Products such as Red Laser (for the iPhone), Nokia's Point and Find and Realeyes3D have recently been released to provide this functionality, but is important to note that all such products force the user to locate and home in on the barcode using visual feedback from the camera viewfinder. Without such feedback, it is nearly impossible to guide the camera close enough to the barcode to view it with sufficient resolution. As a result, these products are only accessible to people with sufficiently good vision.
Blind and visually impaired persons could greatly benefit from the ability to read barcodes, which would be very useful for identifying products in a supermarket or in a pantry at home: while it is easy for a blind person to distinguish between a bag of potato chips and a box of crackers by feeling the packages, he or she may have no way of distinguishing between two cans with the same shape and weight (e.g. tomato sauce or beans). If the product barcodes could be located and read by a camera phone application, the relevant product information could immediately be looked up and read aloud to the user.
A computer vision algorithm enabling a blind person to locate and read barcodes could be implemented on a camera phone, perhaps in addition to other functionality providing access to printed information (such as the KNFB reader, which is a commercial OCR system that runs on a Nokia camera phone). Such a system would be much more convenient than conventional laser scanner technology that requires the user to carry a dedicated device, such as the i.d. mate Talking Bar Code Reader (from Envision America).
While a variety of computer vision algorithms exist for reading 1D barcodes from images, and some algorithms have been developed for automatically segmenting barcode patterns from images (which we review in the next section), we are not aware of any algorithms specifically designed to detect 1D barcodes at a distance. This ability is necessary to expedite the search process – otherwise a blind user will be forced to hold the camera close to the package and laboriously scan every square inch of its surface.
Indeed, although the 1D barcode is easily recognizable in close up, clean images by the presence of multiple parallel lines arrayed in a roughly rectangular shape, the problem of detecting it becomes very challenging in noisy (e.g. blurred), cluttered images captured with low-to-medium quality cameras (such as those in camera phones or webcams) at low resolution. The barcode may be present at any orientation in the image, and the scale is variable, depending on how large the barcode is and the distance at which it is viewed; patterns such as lines of text, which are commonly printed near barcodes on packages, may easily be confused with barcodes at low resolution. The challenge is even greater given the need for a fast implementation that can process several frames per second, in order to provide real-time feedback to guide a blind user holding the camera towards the barcode. It is of practical interest to detect a barcode accurately from a distance and direct a blind user towards the barcode until it is able to be resolved with sufficient accuracy to be decoded.

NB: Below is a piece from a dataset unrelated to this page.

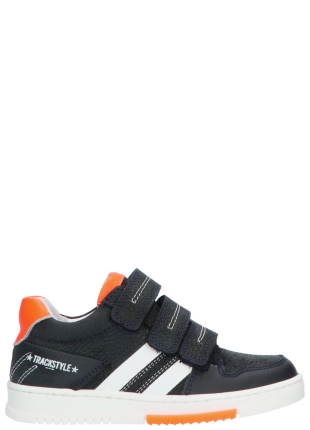 Track Style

Our main contributions are two-fold. First, we have developed a fast, novel algorithm for detecting barcodes at a distance based on a cascade of filters that progressively rule out more and more regions of the image; only regions of the image that resemble barcodes are processed intensively, which is the key to the algorithm's speed. Second, we have coupled our algorithm with an algorithm that we developed previously  to read barcodes, and have implemented a real-time version of our system with some improvements to the model using a PC and an inexpensive webcam. We added speech feedback to guide a blind user to a detected barcode, and we tested the system while wearing blindfolds, demonstrating the feasibility of the system for totally blind users. Ultimately the system will be ported to a camera phone and tested with blind and low vision users, but our current experimental results show that the system is eminently usable and reliable. We note that the webcam we used has the same resolution as the Nokia N95 phone running in video mode, which is our initial target platform for the mobile version of our system.
In the past, most research on reading barcodes focused on the problem of decoding barcode signals from a laser scanner, which are 1D waveforms (time series) representing barcode slices. One work  focuses on an optimal procedure for deblurring the waveforms to restore the locations of closely spaced edges in order to improve the decoding process. Another paper  uses an HMM model to decode a barcode signal in the presence of spurious edges.

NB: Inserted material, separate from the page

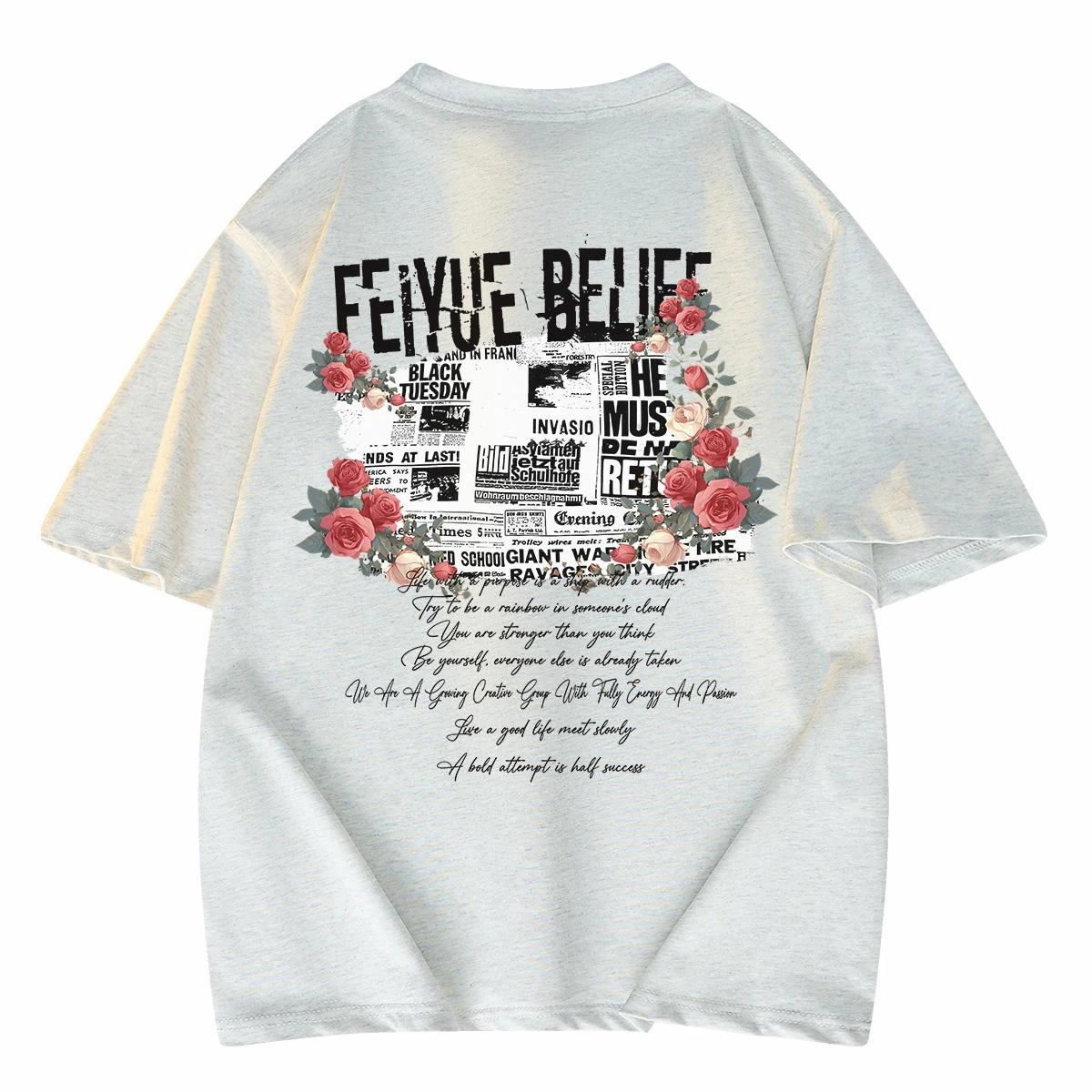 Feiyue T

More recent work has addressed the problem of reading barcodes from images acquired by a camera. Most of this work has simplified the problem of locating and segmenting the barcode in the image by assuming certain constraints hold. In , the barcode is assumed to be horizontal in the image and viewed close enough for the long width of the barcode to subtend about two-thirds of the image width; although the authors point out that the method can be easily extended to the case of unknown orientation, it is unclear how well the algorithm would work with barcodes viewed from farther away. Other work  assumes that the barcode can be detected from the morphological structure of binarized regions of the image, but the binarization procedure may fail on images that are noisier than the crisp example shown in the paper; similarly,  assumes that a barcode can be detected by searching for a black bar using a spiral searching method, which scans in a spiral outward from the center of the image, but it is unclear that an individual black bar can be sufficiently well resolved at a distance.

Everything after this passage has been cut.